The present study has several limitations that need to be addressed. The number of cases in this study was small at only 212. In addition, the number of patients who received the combination of AGs and VCM, which is highly nephrotoxic, was small (only 4). Future multicenter studies on a more diverse patient population are needed. Since this study focused on reducing the risk of nephrotoxicity, the evaluation of the efficacy of VCM was insufficient. Therefore, therapeutic effects within the proposed target concentration range need to be confirmed. The 7-day monitoring of renal function after the cessation of VCM administration was useful for evaluating short-term changes in renal function, but was considered to be insufficient for assessing long-term effects. In the future, follow-up periods of 3 months or longer will be necessary to evaluate the risk of acute kidney injury progressing to chronic kidney disease. Although the group with nephrotoxicity risk factors was classified as the High-risk group, the probability of developing nephrotoxicity may differ between patients with a single risk factor and those with multiple risk factors. The regression curve obtained from the logistic regression analysis suggested a gradual increase in the incidence of nephrotoxicity from the Low-risk line to the High-risk line, according to the level of risk. Conducting large-scale multicenter collaborative studies and securing a sample size that maximizes detection power will allow for a detailed examination of the incidence of nephrotoxicity according to each risk factor and combinations of multiple risk factors. However, the development of nephrotoxicity largely depends on the patient’s condition. Therefore, it is crucial to understand the condition of patients with risk factors and the probability of developing nephrotoxicity at each AUCss, while frequently measuring blood concentrations and carefully monitoring renal function.

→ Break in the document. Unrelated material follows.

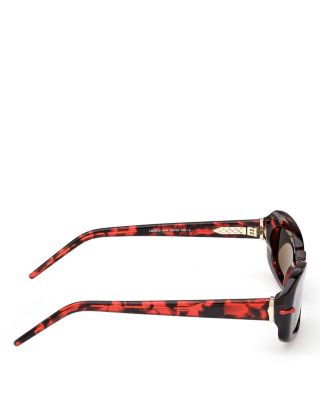 Geometric Sunglasses, 52mm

In recent years, higher doses have been required to prevent hyposensitization to VCM [29]. The development of prerenal acute renal failure due to septic shock or endotoxin shock is common in the ICU. Difficulties are associated with establishing whether renal failure in severe cases is due to prerenal renal failure caused by renal ischemia or drug-induced acute kidney injury. Therefore, a prospective study with data that refutes renal ischemia is needed to clarify the risk factors for nephrotoxicity. The validity of this method will be confirmed in the future by increasing the number of patients and tracking treatment outcomes in the Low- and High-risk groups.